Caravaca is an important town in terms of history and religion and, in common with the rest of the region, contains a rich Moorish heritage. Plenty of wandering potential for a day or so, around the streets and churches. Nothing spectacular overall, just a nicely kept little town.
After a tactical nap and hotel room beer (Is this a ‘thing’ for anyone else? Buying a supermarket beer en route and necking it in the room just feels slightly subversive, like beating the system…) I decided to head out for a bite to eat. There’s surprisingly little choice in the old town, just a few local-ish bars and tapas places, it’s certainly no tourist Mecca- At least not in late March.
Whilst my Spanish is now very reasonable, menus in different places are always a bit confusing, every country and region has their own different dishes, species and names for things which don’t really match my LatAm terms of reference. So I had to get a couple of the choices explained (in Spanish, I’m no savage) and then just plumped for the most interesting one. As it was I ended up with a somewhat odd, but not unpleasant, olive salad and some amazing beef carpaccio on a bit of bread. Sadly no photos as I’ve decided it’s a bad habit which makes you look like a muppet. Well, sat out on full display in the Plaza anyway.
I decided to push the advantage and order a selection of croquette-type things, although from the waitress’s quizzical eyebrow I’m fairly sure it’s not the done thing to ask for one of each. Still, a couple of cañas to the bad and I wasn’t bothered.

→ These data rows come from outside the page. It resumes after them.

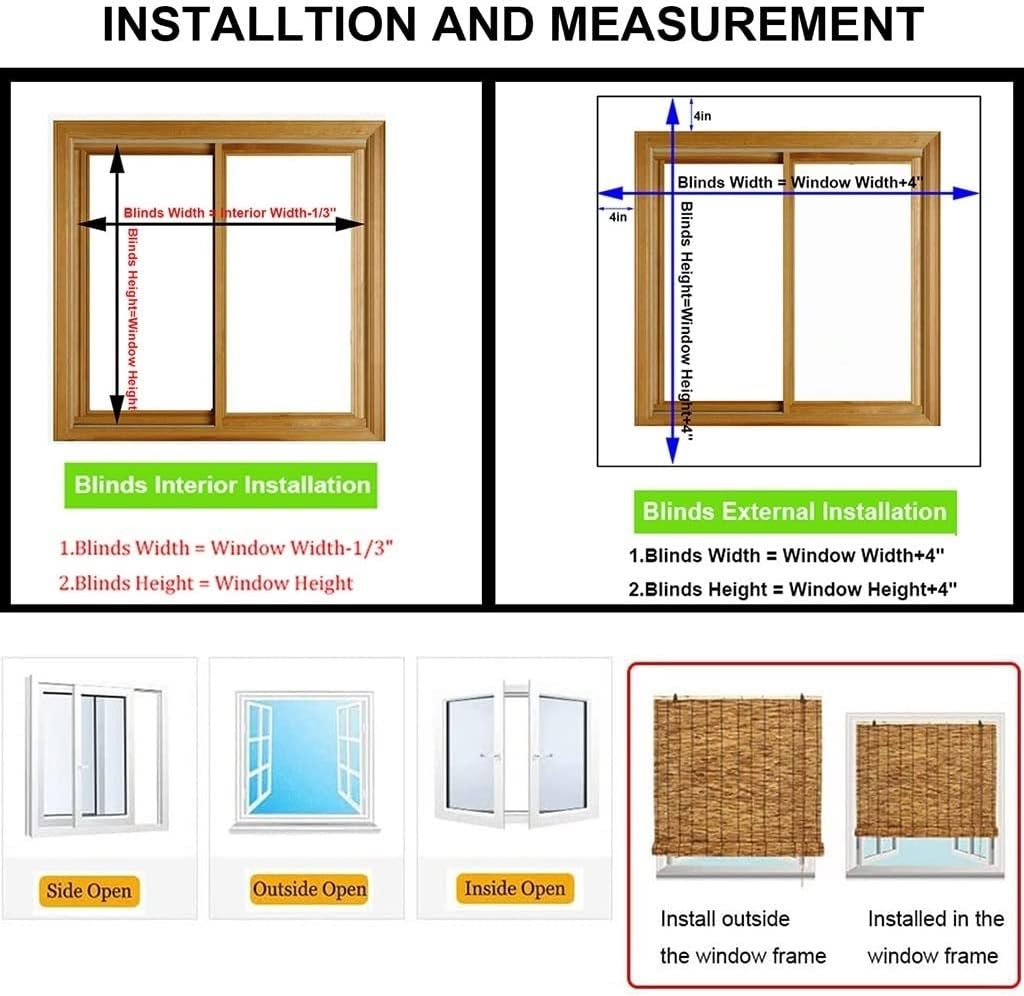 Persianas enrollables opacas de 42 pulgadas de ancho x 72 pulgadas de largo, 45 pulgadas de ancho x 72 pulgadas de largo, ventana enrollable de
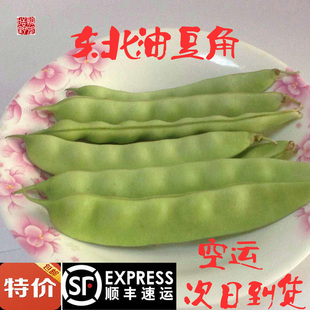 东北九月青油豆角 新开园九月青油豆角1件4斤包邮顺丰空运现摘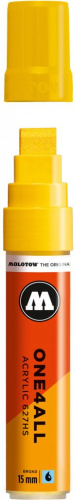 Маркер акриловый Molotow "627HS" ONE4ALL 15 мм Жёлтый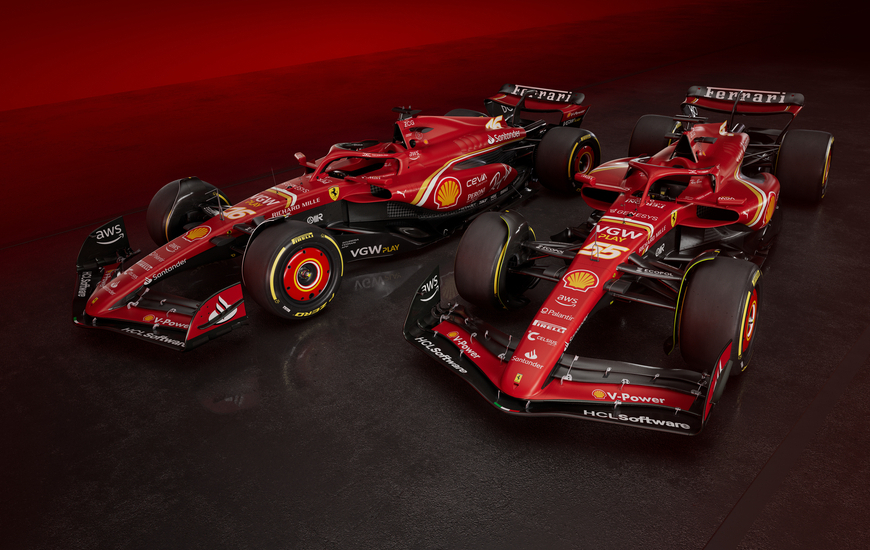 The Ferrari SF-24 (Ph. Ferrari)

Live band on the Plaza, bed and done…
Sadly it wasn’t a brilliant night’s sleep after all, whilst the Hotel Central is pretty plush in a 90’s marble bathroom kind of way, nonetheless it does have that slightly airless quality common to ‘posh’ hotels the world over. At €35 a night I certainly was not complaining. Added to the lack of air, I was slightly stressed about my morning departure since the night porter had told me of Saturday’s impending fiesta ,and the fact that the main street would be closed from 9 for the whole day.
This didn’t fill me with joy. Caravaca was a nice town but not a large town, and there definitely wasn’t another day’s entertainment in it for me. So, I was up mega early and good to go.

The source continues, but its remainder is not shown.